LLaMA-Factory
LLaMA-Factory copied to clipboard
fsdp+qlora mixtral 8x22B: RuntimeError: Only Tensors of floating point and complex dtype can require gradients
Reminder
- [X] I have read the README and searched the existing issues.
Reproduction
I'm using the latest llmtuner 0.7.0 with following libraries versions: transformers>=4.39.1 accelerate>=0.28.0 bitsandbytes>=0.43.0 and I get errors:
File "/opt/conda/envs/ptca/lib/python3.10/site-packages/llmtuner/model/loader.py", line 128, in load_model model = AutoModelForCausalLM.from_pretrained(**init_kwargs) File "/opt/conda/envs/ptca/lib/python3.10/site-packages/transformers/models/auto/auto_factory.py", line 563, in from_pretrained return model_class.from_pretrained( File "/opt/conda/envs/ptca/lib/python3.10/site-packages/transformers/modeling_utils.py", line 3677, in from_pretrained ) = cls._load_pretrained_model( File "/opt/conda/envs/ptca/lib/python3.10/site-packages/transformers/modeling_utils.py", line 4104, in _load_pretrained_model new_error_msgs, offload_index, state_dict_index = _load_state_dict_into_meta_model( File "/opt/conda/envs/ptca/lib/python3.10/site-packages/transformers/modeling_utils.py", line 895, in _load_state_dict_into_meta_model value = type(value)(value.data.to("cpu"), **value.dict) File "/opt/conda/envs/ptca/lib/python3.10/site-packages/bitsandbytes/nn/modules.py", line 568, in new obj = torch.Tensor._make_subclass(cls, data, requires_grad) RuntimeError: Only Tensors of floating point and complex dtype can require gradients
I have checked the issue: https://github.com/hiyouga/LLaMA-Factory/issues/3206 but doesn't help.
Expected behavior
No response
System Info
No response
Others
No response
provide your training scripts
CUDA_VISIBLE_DEVICES=0,1,2,3,4,5,6,7 accelerate launch
--config_file ../../accelerate/fsdp_config.yaml
../../../src/train_bash.py
--stage sft
--do_train
--do_eval
--model_name_or_path model_path
--dataset sample_dataset
--dataset_dir data
--template mistral
--finetuning_type lora
--lora_target all
--output_dir output_dir
--overwrite_cache
--overwrite_output_dir
--cutoff_len 16000
--preprocessing_num_workers 2
--per_device_train_batch_size 1
--per_device_eval_batch_size 1
--gradient_accumulation_steps 1
--lr_scheduler_type cosine
--logging_steps 1
--warmup_steps 1
--save_steps 100
--eval_steps 1
--evaluation_strategy steps
--learning_rate 5e-5
--num_train_epochs 2
--max_samples 1000
--val_size 0.2
--quantization_bit 8
--fp16
--upcast_layernorm \
Tried mixtral 8x7B too and got the same error.

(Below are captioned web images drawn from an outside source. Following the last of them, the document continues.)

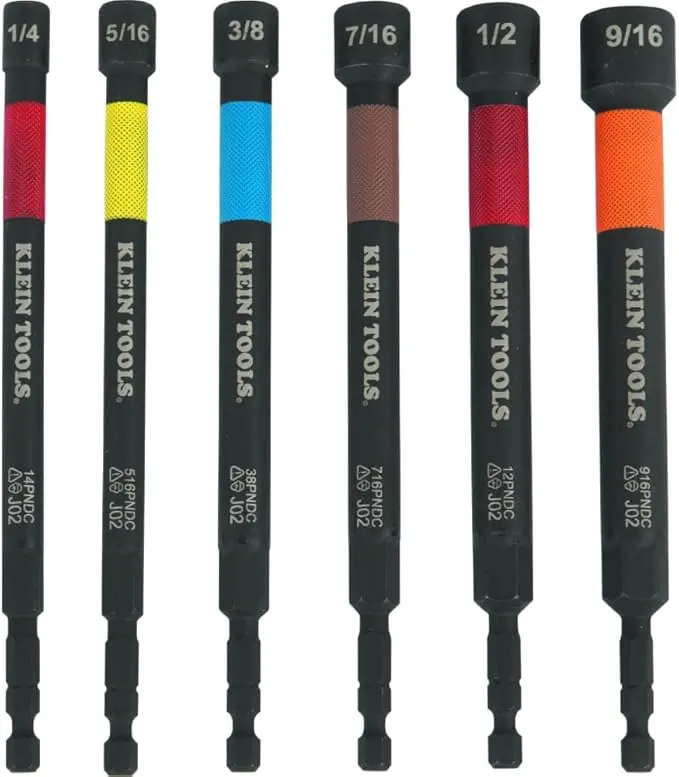 32930 Juego de tuercas de impacto magnéticas, 6 piezas codificadas por colores con alcance extendido, 6 tamaños SAE Visita la tienda de Klein Tools
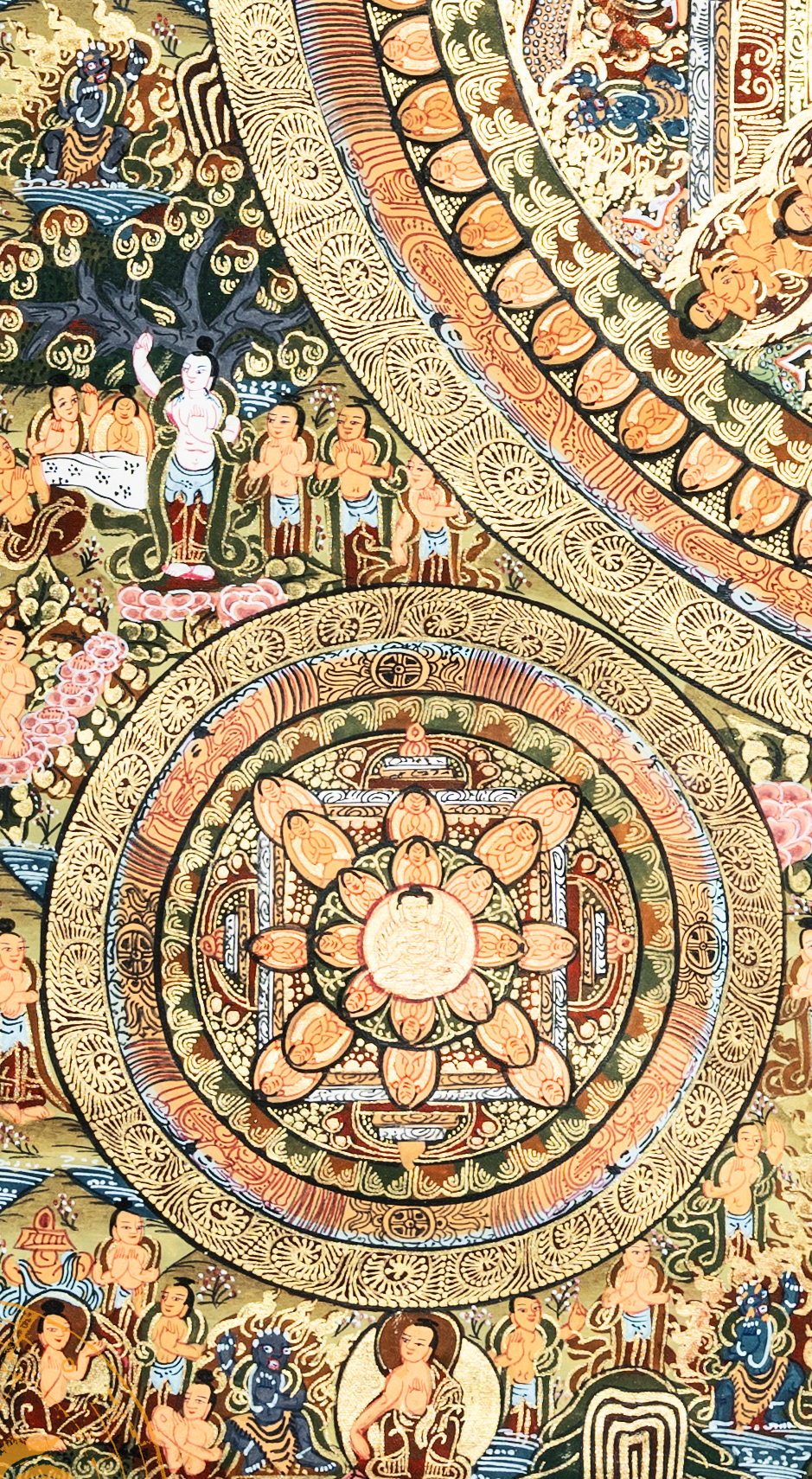 Handmade Traditional Mandala Thangka of Sacred Enlightenment - T-PS-SS-BB-TM-0016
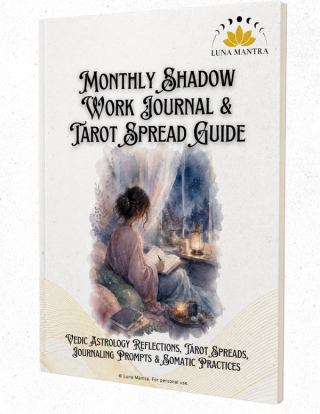 3D mockup of the Luna Mantra Monthly Shadow Work Journal and Tarot Spread Guide booklet, featuring Vedic astrology reflections, tarot spreads, journaling prompts, somatic practices, and soft mystical watercolor cover artwork.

fsdp+qlora only accepts 4bit quantization
@hiyouga got it, is there any way to use multiple gpus in a single node to do 8bit qlora?
8bit qlora only supports DDP
I am using qlora with 4-bit quant but somehow i have the same error.
For more detail, this is the config i used :
BitsAndBytesConfig { "_load_in_4bit": true, "_load_in_8bit": false, "bnb_4bit_compute_dtype": "bfloat16", "bnb_4bit_quant_storage": "bfloat16", "bnb_4bit_quant_type": "nf4", "bnb_4bit_use_double_quant": true, "llm_int8_enable_fp32_cpu_offload": false, "llm_int8_has_fp16_weight": false, "llm_int8_skip_modules": null, "llm_int8_threshold": 6.0, "load_in_4bit": true, "load_in_8bit": false, "quant_method": "bitsandbytes" }
And here is a snippet of the code responsible for the error model = AutoModelForCausalLM.from_pretrained( args.model_name_or_path, quantization_config=bnb_config, trust_remote_code=True, attn_implementation="flash_attention_2" if args.use_flash_attn else "eager", torch_dtype=torch_dtype, )
I am 100% sure it is the quant_config that gives me the same error as the first person. The solution of 4-bit didn't do anything in my case.